Vous proposez par ailleurs un débat au Parlement sur l'optimisation du spectre hertzien ; j'y suis naturellement favorable. La numérisation du spectre hertzien sur la télévision numérique hertzienne de terre sera d'ailleurs une bonne occasion d'élargir le débat. Elle permettra en effet une meilleure optimisation du spectre, libérant ainsi des fréquences qui pourraient servir à de nouveaux services de télécommunications. Car le problème des télécommunications est autant celui de la multiplicité des services proposés aux consommateurs que celui de la seule technologie « dure ».
Il faut cependant rappeler, et ce sera ma conclusion, que l'affectation des fréquences à tel ou tel usage découle de discussions internationales, par exemple de la Conférence européenne des postes et télécommunications, de la Conférence mondiale des radiocommunications ou encore de l'Union internationale des télécommunications.
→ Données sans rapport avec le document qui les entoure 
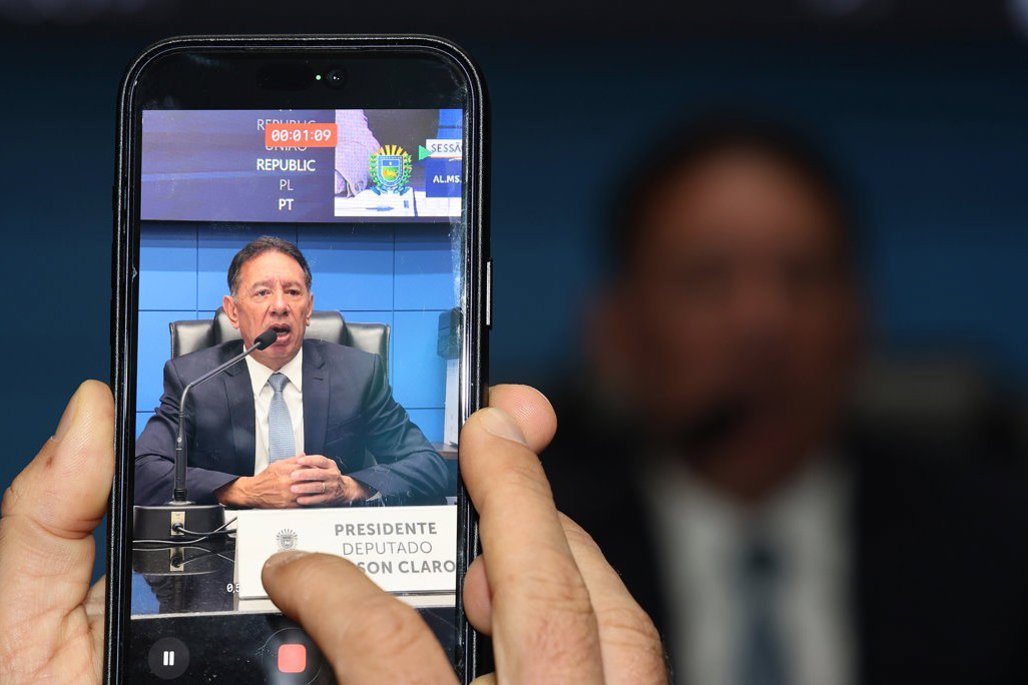 No momento, você está visualizando ALEMS: Em nome da Mesa Diretora, presidente parabeniza eleitos e pede continuidade do respeito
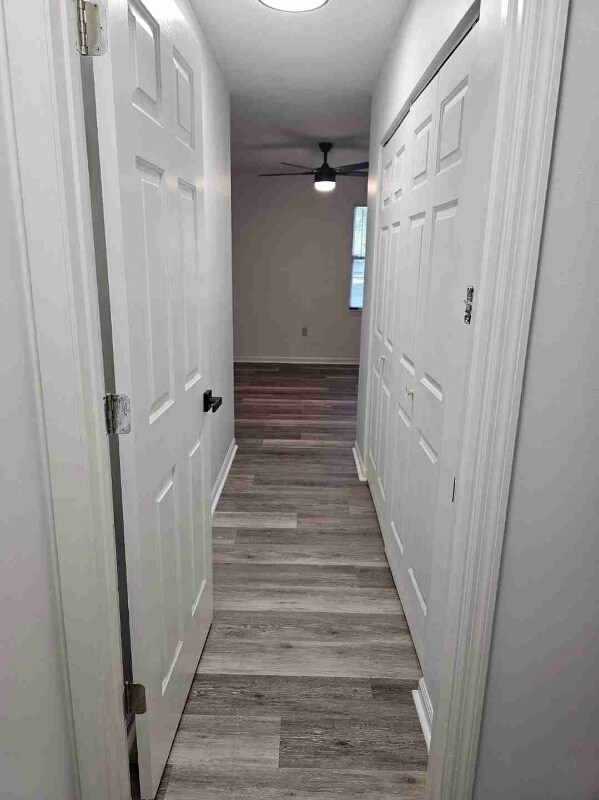 Building Photo - 758 Oleander Ct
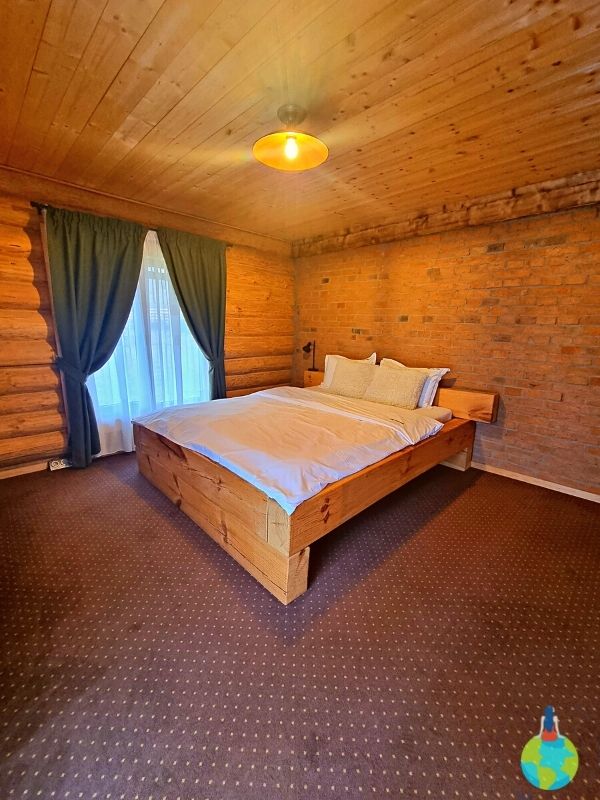 King's Rock Cabin - Dormitorul de la parter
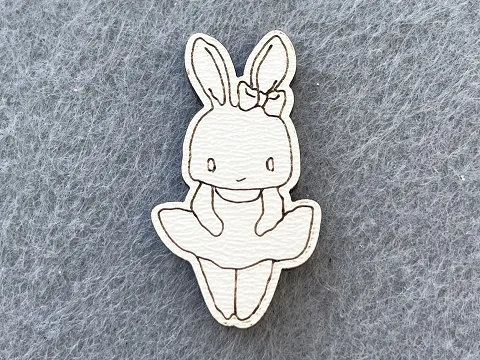 Декор із фанери "Зайчик"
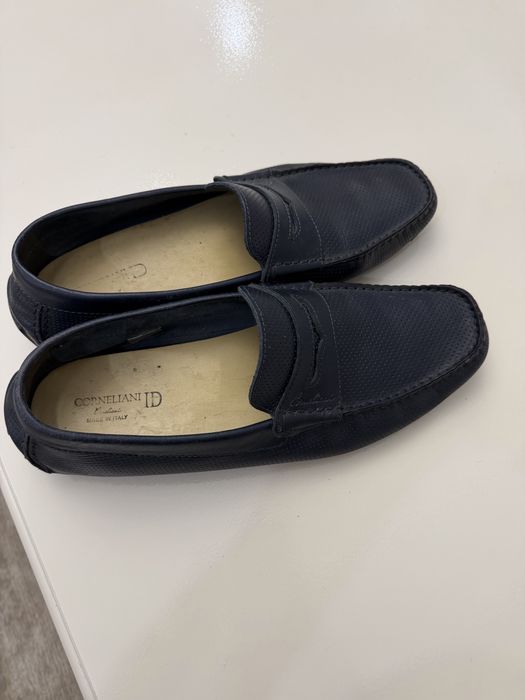 Лоферы темно синие от corneliani. Мужские. Класические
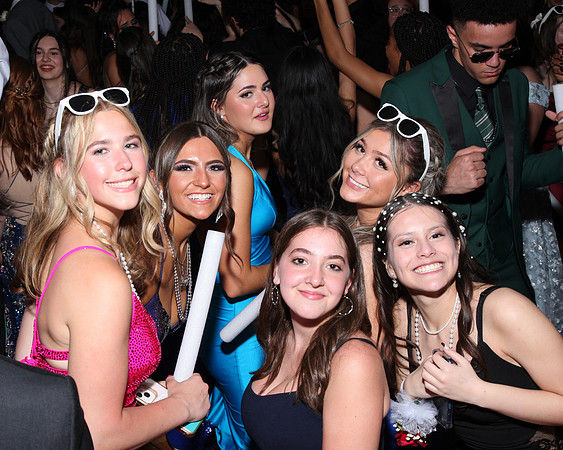FTH_jr_prom_dancing+tables_190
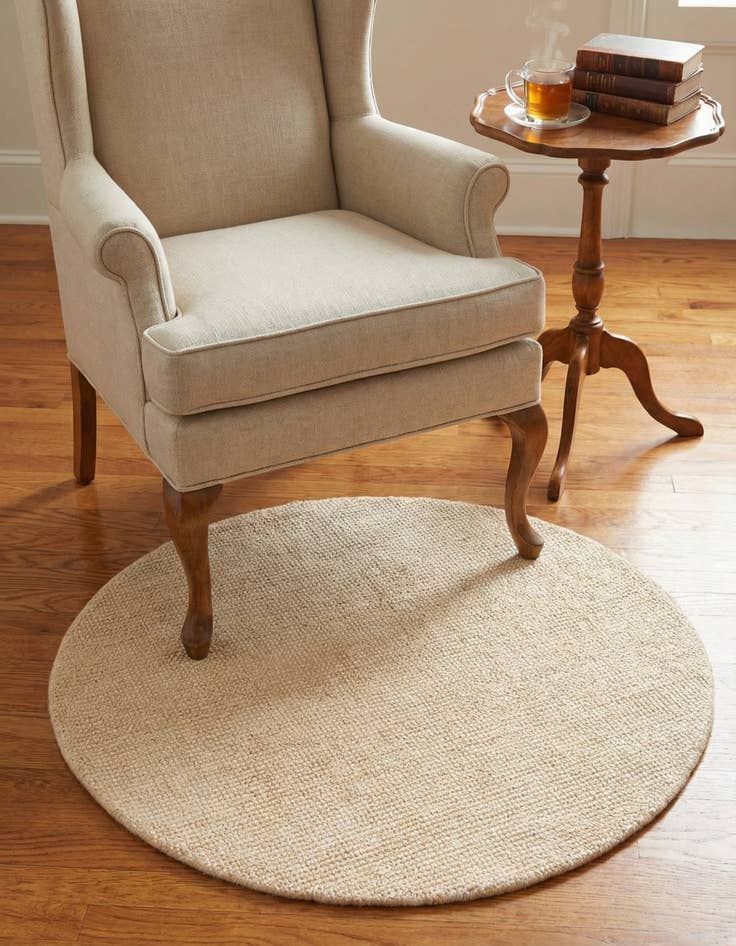 Detail image of 3' 1 x 3' 1  Hand Woven Jill Zarin English Manor Wool Round Rug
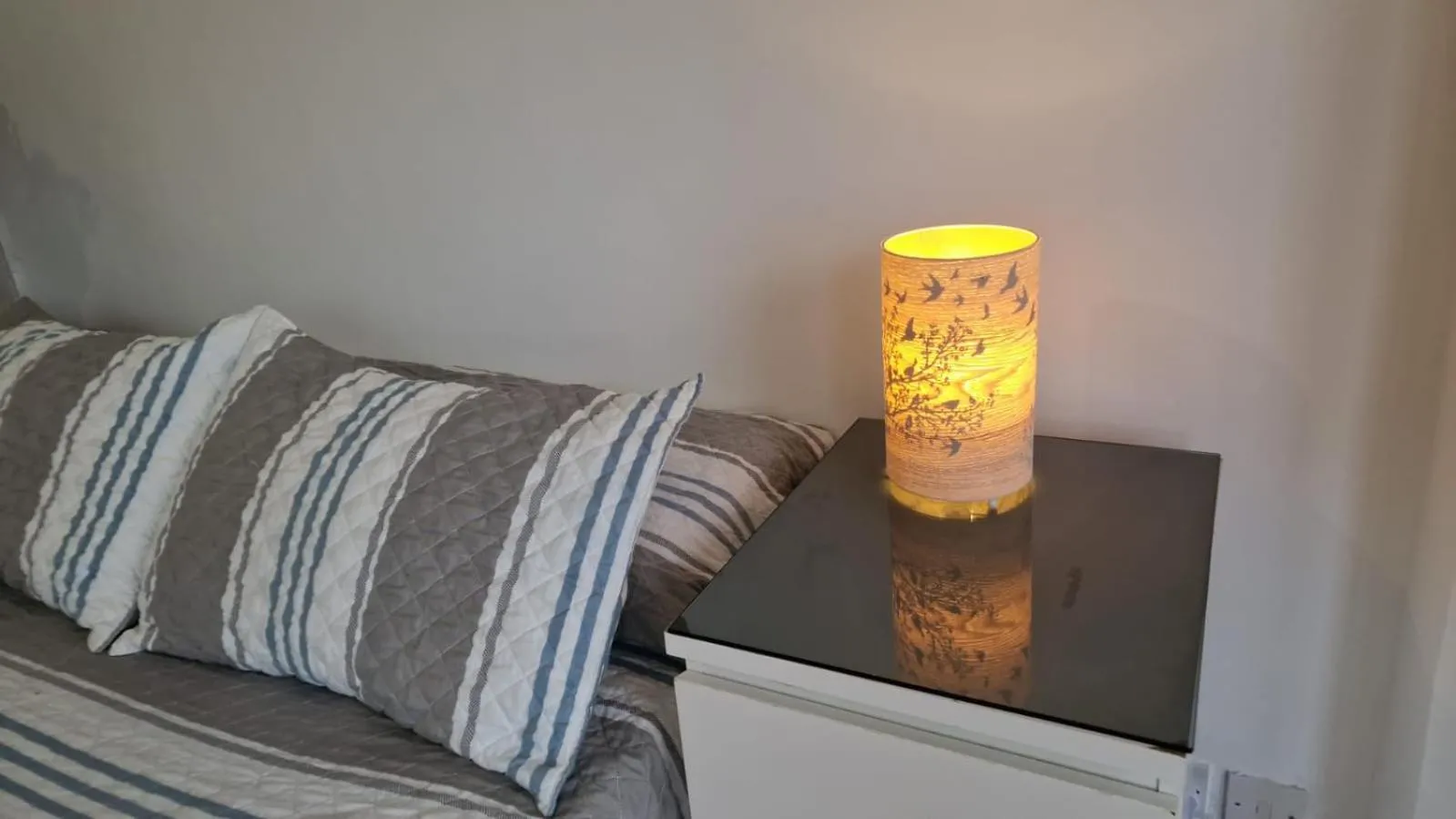 Bedroom in 1 Bed Flat - Sleeps 2 - Pets - Parking - Wifi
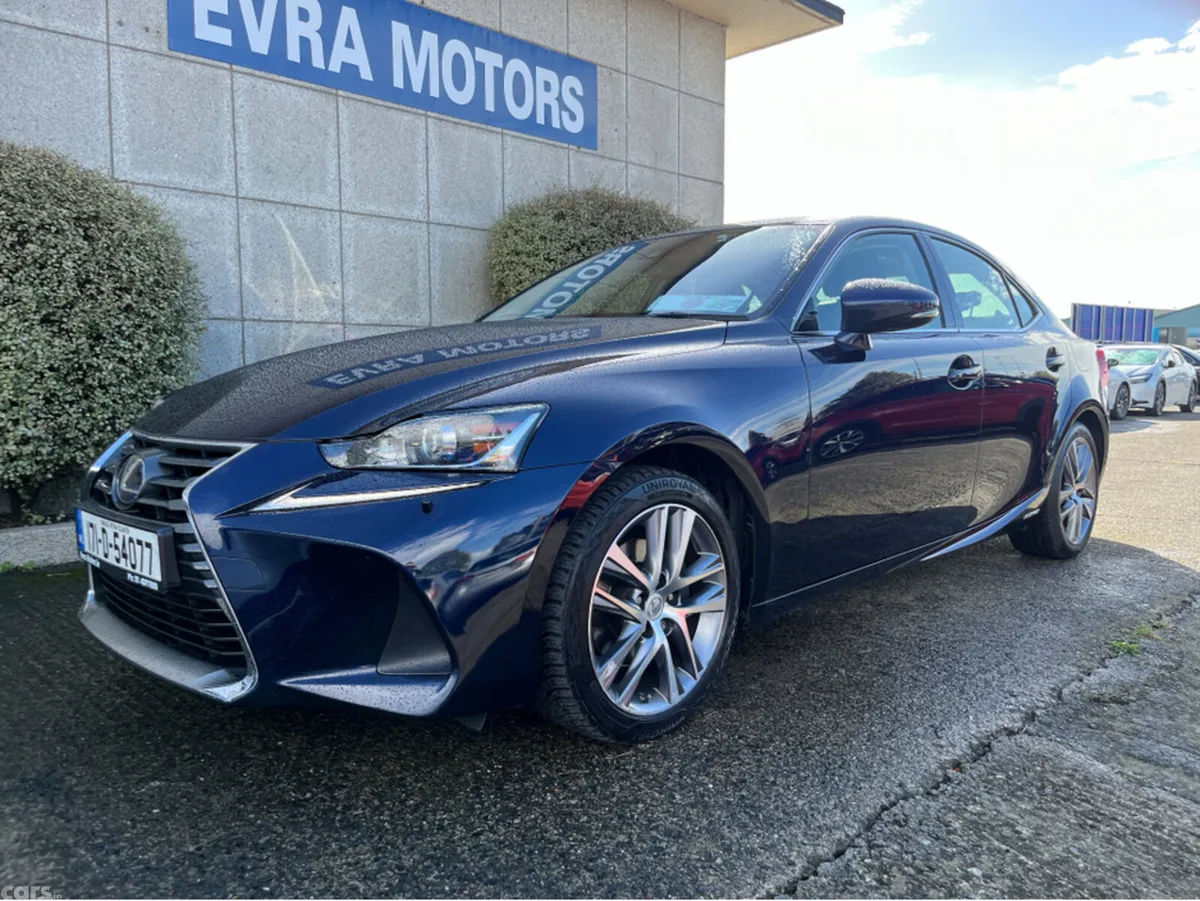 Lexus IS Saloon, Petrol Hybrid, 2017, Blue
Notre marge de manoeuvre est limitée, mais nous devrons utiliser au maximum les atouts de la France pour la valoriser ; pourquoi pas, d'ailleurs, en proposant, comme vous le faites, une sorte de coordination informelle des régulateurs qui viendrait à l'appui de la ferme volonté du Gouvernement français de mener dans de meilleures conditions l'action européenne pour développer toutes les potentialités de l'UMTS ? (Applaudissements sur les travées socialistes et sur celles du groupe communiste républicain et citoyen, ainsi que sur certaines travées du RDSE.)